Author: Editorial
Publication: The Times of India
Date: August 3, 2007
URL: http://timesofindia.indiatimes.com/The_Other_Blasts_Case/articleshow/2251752.cms
Introduction: Judicial delays in Coimbatore
nurse politics of victimhood
Despite a special court convicting 153 people
in the 1998 Coimbatore blasts case, it is Abdul Nazar Madani's acquittal that
has attracted attention. Madani, president of the Keralabased People's Democratic
Party, was cleared of all charges, but only after spending nine years in jail
as an undertrial. He was denied bail during these years despite many pleas.
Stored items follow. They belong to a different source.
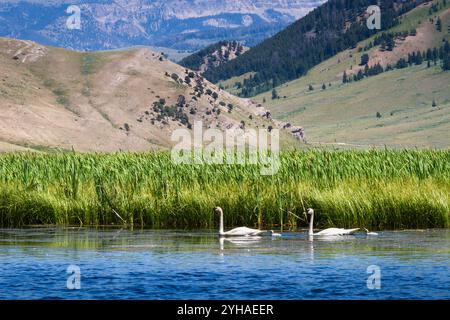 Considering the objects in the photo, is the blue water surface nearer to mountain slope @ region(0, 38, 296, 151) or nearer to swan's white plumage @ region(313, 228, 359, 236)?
swan's white plumage @ region(313, 228, 359, 236)

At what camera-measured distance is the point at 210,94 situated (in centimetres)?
18112

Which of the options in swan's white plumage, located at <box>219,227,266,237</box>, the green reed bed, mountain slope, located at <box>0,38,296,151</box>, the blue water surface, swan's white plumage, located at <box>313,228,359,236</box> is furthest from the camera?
mountain slope, located at <box>0,38,296,151</box>

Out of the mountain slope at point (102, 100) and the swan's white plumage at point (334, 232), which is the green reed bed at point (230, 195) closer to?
the swan's white plumage at point (334, 232)

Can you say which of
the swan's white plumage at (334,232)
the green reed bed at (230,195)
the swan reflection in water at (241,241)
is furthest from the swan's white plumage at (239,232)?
the green reed bed at (230,195)

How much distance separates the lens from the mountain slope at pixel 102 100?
152 meters

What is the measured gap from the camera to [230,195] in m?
33.7

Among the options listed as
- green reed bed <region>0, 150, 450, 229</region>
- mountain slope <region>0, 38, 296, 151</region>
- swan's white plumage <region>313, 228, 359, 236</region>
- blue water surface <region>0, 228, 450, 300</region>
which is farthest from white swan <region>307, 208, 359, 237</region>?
mountain slope <region>0, 38, 296, 151</region>

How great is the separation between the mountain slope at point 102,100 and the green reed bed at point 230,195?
10753 cm

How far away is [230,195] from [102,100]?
139m

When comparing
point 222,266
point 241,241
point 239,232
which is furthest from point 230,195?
point 222,266

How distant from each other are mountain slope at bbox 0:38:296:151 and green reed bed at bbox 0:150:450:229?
108 metres

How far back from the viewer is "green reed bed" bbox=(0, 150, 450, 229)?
1291 inches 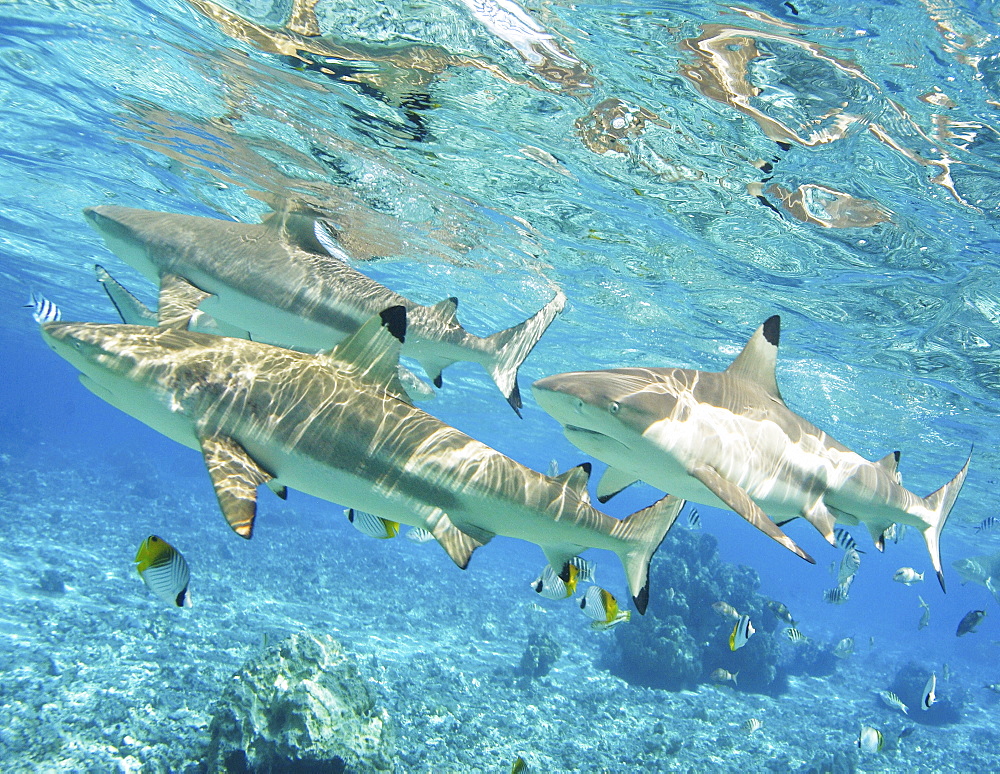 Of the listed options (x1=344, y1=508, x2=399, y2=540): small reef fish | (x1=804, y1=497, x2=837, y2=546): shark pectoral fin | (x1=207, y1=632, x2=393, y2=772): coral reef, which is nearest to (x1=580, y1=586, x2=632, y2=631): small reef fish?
(x1=207, y1=632, x2=393, y2=772): coral reef

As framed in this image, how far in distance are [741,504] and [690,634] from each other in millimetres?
19010

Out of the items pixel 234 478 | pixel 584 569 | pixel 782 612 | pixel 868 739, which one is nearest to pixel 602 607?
pixel 584 569

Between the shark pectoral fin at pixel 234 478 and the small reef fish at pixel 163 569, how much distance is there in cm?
268

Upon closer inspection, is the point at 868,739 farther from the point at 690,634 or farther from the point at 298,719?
the point at 298,719

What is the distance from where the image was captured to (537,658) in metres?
17.6

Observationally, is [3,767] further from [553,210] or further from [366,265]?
[366,265]

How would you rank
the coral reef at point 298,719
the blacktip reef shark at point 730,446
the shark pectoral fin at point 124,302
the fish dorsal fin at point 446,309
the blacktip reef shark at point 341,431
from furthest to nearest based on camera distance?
the coral reef at point 298,719
the fish dorsal fin at point 446,309
the shark pectoral fin at point 124,302
the blacktip reef shark at point 730,446
the blacktip reef shark at point 341,431

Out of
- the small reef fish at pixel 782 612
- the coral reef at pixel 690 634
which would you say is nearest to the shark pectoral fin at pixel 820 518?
the small reef fish at pixel 782 612

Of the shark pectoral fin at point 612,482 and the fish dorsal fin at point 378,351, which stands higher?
the fish dorsal fin at point 378,351

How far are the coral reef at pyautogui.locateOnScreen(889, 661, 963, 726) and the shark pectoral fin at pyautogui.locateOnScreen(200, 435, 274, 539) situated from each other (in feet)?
94.7

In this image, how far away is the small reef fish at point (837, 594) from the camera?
13.4 meters

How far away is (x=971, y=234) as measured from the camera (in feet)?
34.9

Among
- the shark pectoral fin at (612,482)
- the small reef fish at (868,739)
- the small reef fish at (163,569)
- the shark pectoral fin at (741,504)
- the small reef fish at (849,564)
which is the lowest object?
the small reef fish at (868,739)

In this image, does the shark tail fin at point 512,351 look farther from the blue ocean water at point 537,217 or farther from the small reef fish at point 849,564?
the small reef fish at point 849,564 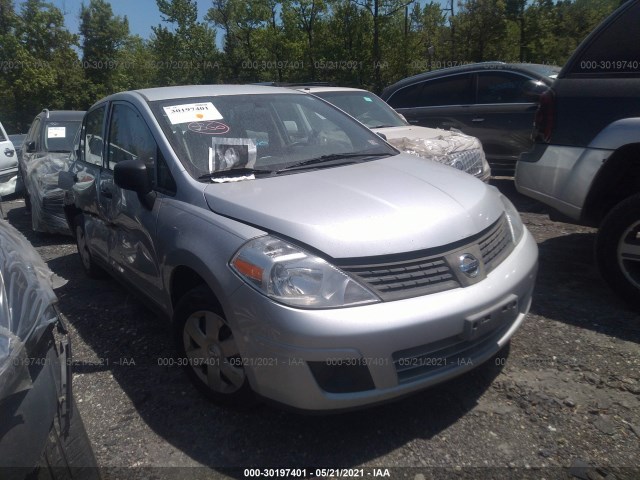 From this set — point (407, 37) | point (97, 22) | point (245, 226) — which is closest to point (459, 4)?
point (407, 37)

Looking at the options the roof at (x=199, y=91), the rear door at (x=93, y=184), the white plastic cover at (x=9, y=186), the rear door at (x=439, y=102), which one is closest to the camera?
the roof at (x=199, y=91)

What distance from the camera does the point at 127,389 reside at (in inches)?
121

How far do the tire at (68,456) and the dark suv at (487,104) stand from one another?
6.51 m

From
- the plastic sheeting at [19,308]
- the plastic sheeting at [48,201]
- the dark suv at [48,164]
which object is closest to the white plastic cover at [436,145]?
the dark suv at [48,164]

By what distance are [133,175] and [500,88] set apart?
19.2 ft

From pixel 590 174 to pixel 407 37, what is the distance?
79.7 ft

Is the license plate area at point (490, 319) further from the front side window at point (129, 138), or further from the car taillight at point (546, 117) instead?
the front side window at point (129, 138)

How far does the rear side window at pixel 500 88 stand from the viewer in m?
7.10

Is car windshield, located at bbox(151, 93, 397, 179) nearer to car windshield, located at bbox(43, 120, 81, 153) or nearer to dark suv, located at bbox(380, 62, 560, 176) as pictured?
dark suv, located at bbox(380, 62, 560, 176)

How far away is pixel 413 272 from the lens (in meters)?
2.31

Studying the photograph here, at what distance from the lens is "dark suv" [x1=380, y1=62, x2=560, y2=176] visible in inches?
276

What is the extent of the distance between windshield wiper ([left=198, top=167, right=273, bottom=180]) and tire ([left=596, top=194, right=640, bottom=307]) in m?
2.30

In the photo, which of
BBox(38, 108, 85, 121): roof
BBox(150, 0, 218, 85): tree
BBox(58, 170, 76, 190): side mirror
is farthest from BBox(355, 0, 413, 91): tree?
BBox(58, 170, 76, 190): side mirror

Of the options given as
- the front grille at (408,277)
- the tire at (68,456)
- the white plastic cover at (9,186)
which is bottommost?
the white plastic cover at (9,186) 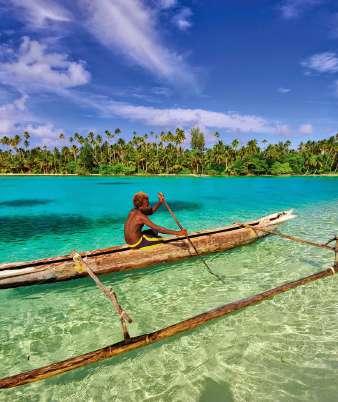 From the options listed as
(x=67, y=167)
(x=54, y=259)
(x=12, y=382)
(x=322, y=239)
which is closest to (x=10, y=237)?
(x=54, y=259)

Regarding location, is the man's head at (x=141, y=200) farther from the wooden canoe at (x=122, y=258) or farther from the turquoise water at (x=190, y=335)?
the turquoise water at (x=190, y=335)

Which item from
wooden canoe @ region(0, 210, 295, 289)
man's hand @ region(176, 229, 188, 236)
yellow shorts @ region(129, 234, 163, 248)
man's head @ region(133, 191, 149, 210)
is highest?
man's head @ region(133, 191, 149, 210)

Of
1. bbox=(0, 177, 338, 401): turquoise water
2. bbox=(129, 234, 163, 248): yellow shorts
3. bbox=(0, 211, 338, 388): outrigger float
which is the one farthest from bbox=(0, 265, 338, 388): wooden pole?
bbox=(129, 234, 163, 248): yellow shorts

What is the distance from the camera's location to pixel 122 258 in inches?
327

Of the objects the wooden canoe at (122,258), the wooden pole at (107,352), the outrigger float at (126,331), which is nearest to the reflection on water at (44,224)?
the wooden canoe at (122,258)

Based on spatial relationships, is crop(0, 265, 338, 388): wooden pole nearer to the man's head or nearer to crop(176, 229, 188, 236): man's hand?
crop(176, 229, 188, 236): man's hand

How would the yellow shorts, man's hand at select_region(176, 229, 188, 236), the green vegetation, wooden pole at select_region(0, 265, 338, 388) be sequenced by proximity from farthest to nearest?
1. the green vegetation
2. man's hand at select_region(176, 229, 188, 236)
3. the yellow shorts
4. wooden pole at select_region(0, 265, 338, 388)

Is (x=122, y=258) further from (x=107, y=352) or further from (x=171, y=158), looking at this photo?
(x=171, y=158)

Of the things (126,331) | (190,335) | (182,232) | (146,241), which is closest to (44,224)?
(146,241)

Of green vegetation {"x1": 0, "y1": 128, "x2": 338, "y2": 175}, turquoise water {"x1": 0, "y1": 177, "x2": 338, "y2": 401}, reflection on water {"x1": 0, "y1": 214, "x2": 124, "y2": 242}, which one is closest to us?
turquoise water {"x1": 0, "y1": 177, "x2": 338, "y2": 401}

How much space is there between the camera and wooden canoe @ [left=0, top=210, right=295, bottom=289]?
7.07 meters

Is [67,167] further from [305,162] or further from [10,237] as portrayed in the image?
[10,237]

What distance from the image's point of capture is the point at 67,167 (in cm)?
9756

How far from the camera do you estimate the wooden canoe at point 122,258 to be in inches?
278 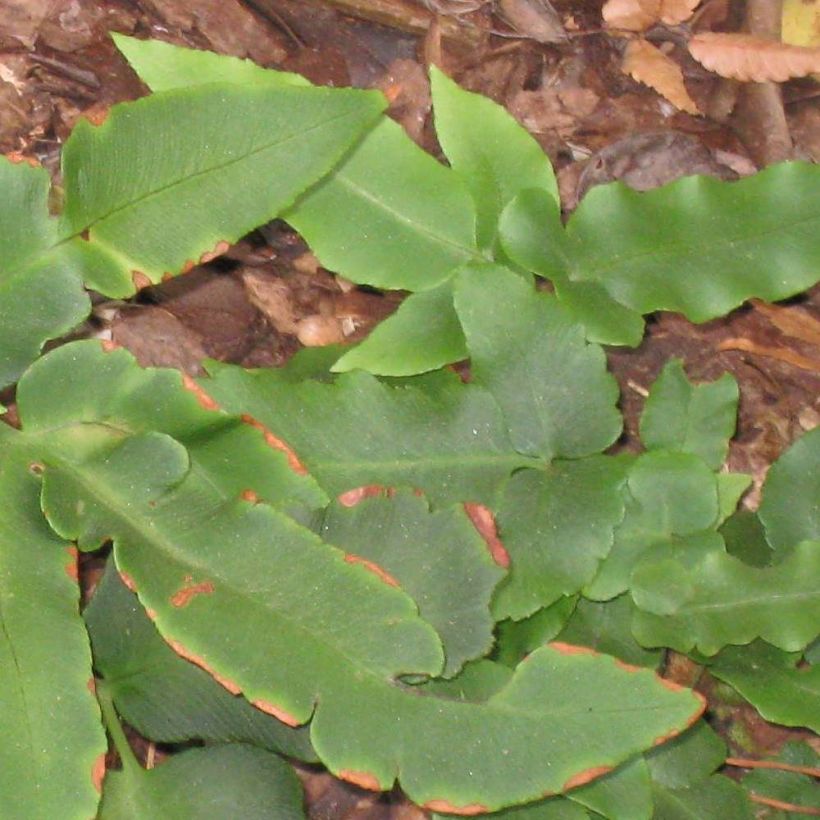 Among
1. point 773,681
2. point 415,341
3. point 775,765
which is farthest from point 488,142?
point 775,765

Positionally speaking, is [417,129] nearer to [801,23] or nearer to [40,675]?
[801,23]

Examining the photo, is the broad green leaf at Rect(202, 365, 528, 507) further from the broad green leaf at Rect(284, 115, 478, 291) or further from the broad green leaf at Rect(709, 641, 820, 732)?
the broad green leaf at Rect(709, 641, 820, 732)

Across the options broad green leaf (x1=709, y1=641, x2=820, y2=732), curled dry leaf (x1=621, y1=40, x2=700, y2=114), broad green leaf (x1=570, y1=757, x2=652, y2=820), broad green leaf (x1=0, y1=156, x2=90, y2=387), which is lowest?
broad green leaf (x1=709, y1=641, x2=820, y2=732)

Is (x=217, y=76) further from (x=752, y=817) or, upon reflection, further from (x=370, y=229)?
(x=752, y=817)

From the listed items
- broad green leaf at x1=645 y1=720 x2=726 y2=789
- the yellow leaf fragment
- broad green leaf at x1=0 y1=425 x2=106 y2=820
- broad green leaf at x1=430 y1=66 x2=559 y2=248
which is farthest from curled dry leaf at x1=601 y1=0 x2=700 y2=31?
broad green leaf at x1=0 y1=425 x2=106 y2=820

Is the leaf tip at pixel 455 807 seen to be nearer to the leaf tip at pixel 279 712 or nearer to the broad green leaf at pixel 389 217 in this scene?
the leaf tip at pixel 279 712

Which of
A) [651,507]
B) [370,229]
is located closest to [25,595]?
[370,229]

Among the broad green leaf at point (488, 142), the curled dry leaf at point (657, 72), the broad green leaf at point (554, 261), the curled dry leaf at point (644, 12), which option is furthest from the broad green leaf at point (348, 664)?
the curled dry leaf at point (644, 12) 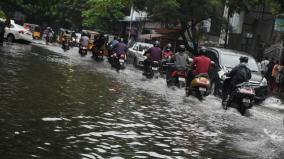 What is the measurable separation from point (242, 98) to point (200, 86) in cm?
208

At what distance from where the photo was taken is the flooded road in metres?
7.45

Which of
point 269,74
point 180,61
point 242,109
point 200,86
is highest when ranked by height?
point 180,61

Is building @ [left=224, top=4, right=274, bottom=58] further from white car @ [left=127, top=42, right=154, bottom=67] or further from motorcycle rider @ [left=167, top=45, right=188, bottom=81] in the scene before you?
motorcycle rider @ [left=167, top=45, right=188, bottom=81]

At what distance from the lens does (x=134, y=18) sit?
2815 inches

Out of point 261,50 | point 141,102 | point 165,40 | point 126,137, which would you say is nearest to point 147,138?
point 126,137

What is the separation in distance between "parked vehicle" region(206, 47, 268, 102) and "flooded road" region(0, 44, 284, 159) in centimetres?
408

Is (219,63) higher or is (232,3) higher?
(232,3)

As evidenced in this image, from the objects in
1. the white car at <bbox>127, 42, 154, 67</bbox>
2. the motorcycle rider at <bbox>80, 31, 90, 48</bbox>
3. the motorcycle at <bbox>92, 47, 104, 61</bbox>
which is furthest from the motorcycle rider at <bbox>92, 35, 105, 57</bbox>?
the white car at <bbox>127, 42, 154, 67</bbox>

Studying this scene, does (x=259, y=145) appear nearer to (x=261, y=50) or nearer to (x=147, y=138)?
(x=147, y=138)

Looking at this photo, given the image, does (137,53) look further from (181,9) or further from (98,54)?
(181,9)

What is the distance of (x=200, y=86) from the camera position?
1608 centimetres

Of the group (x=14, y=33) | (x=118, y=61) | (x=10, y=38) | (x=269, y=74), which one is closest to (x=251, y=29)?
(x=269, y=74)

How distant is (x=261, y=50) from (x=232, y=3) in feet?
28.5

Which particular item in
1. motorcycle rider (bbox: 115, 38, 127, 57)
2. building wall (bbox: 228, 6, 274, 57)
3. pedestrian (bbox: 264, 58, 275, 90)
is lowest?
pedestrian (bbox: 264, 58, 275, 90) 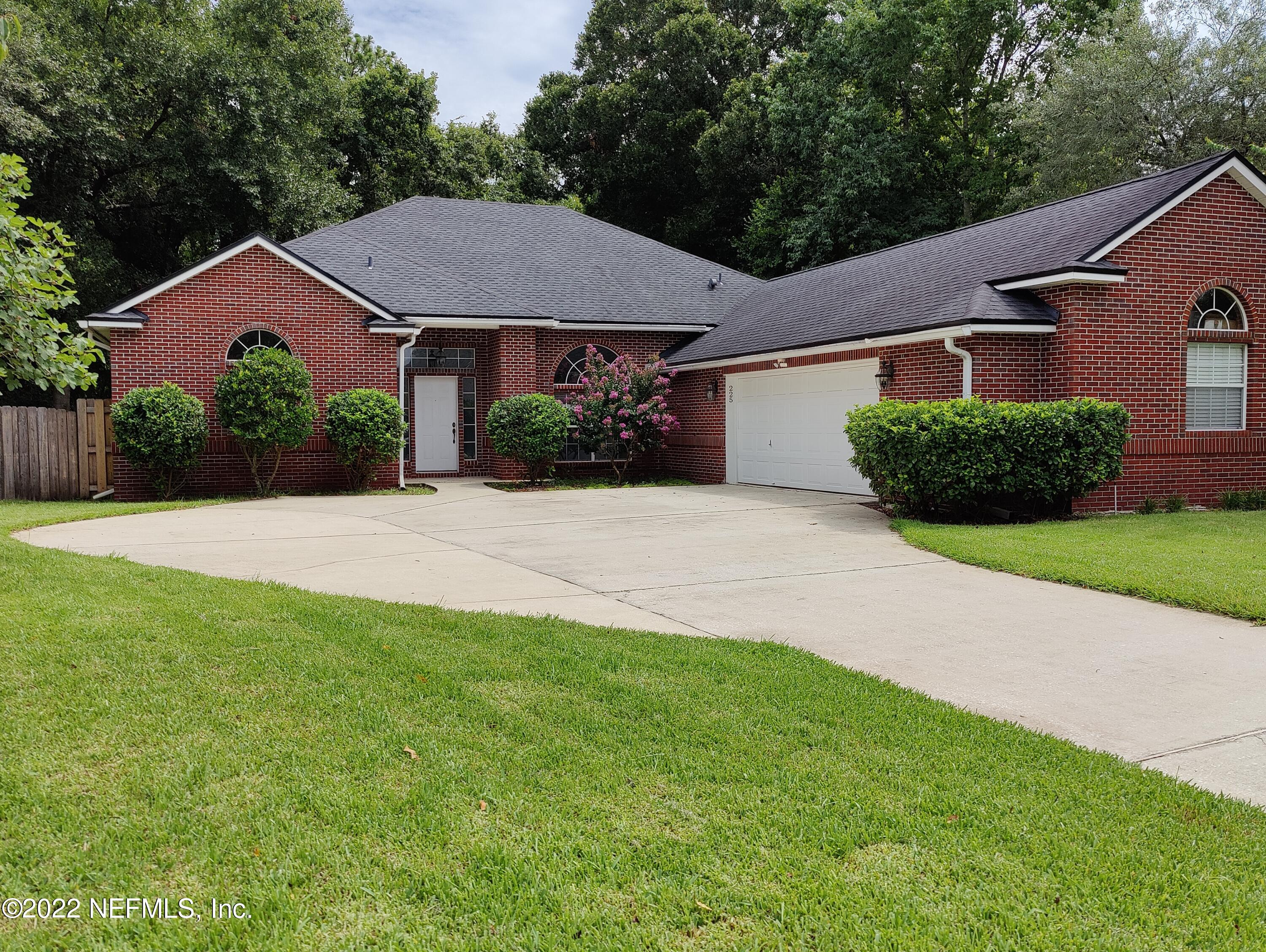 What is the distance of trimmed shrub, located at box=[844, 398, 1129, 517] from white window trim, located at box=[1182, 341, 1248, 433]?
2066 millimetres

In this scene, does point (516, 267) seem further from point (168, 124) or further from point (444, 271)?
point (168, 124)

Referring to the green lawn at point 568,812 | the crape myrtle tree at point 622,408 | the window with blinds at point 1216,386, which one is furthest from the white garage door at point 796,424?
the green lawn at point 568,812

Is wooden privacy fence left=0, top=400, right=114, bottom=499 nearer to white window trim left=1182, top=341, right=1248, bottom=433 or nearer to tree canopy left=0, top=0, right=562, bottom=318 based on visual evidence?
tree canopy left=0, top=0, right=562, bottom=318

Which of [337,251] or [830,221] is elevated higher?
[830,221]

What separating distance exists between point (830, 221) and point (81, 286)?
22609 millimetres

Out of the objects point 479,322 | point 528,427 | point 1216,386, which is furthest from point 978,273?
point 479,322

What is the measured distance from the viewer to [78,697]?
4539 millimetres

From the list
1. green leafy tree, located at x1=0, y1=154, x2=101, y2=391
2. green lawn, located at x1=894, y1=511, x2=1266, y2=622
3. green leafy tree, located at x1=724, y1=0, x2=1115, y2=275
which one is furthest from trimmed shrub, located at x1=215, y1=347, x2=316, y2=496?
green leafy tree, located at x1=724, y1=0, x2=1115, y2=275

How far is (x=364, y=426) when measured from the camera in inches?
671

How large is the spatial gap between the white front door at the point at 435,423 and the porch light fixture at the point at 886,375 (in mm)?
10157

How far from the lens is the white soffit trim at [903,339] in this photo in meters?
13.2

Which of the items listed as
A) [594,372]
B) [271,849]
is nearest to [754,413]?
[594,372]

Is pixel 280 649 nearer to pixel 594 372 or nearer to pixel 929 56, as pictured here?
pixel 594 372

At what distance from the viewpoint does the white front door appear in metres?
21.1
Unfortunately, Madani's case is not an exception.
Undertrials constitute 75 per cent of the prison population in India. The
blasts in Coimbatore, a cosmopolitan industrial hub in Tamil Nadu, were no
less vicious than the 1993 terror strikes in Mumbai, though, fortunately,
the toll and destruction of property were less. Victims in Coimbatore, like
in Mumbai, have complained bitterly of the long wait for justice to be delivered.
Even though the scale of planning and execution in the Coimbatore blasts was
less in comparison to the Mumbai blasts, the investigating agencies took three
years to file the chargesheet and the trial went on for more than six years.
The Coimbatore case is another reminder that our policing and judicial apparatus
needs urgent repair.
The Madani case also exposed a double standard
of our political class. Senior politicians in Kerala campaigned for his release.
In a clear interference in the working of a separate branch of government
- the judiciary - the Kerala assembly passed a resolution in 2006 seeking
Madani's immediate release. Legislators in Kerala, or elsewhere, have hardly
shown similar concern for the thousands of undertrials packed in overcrowded
jails across India. Perhaps legislators have come to believe their own bombast
and see themselves belonging to an exceptional category.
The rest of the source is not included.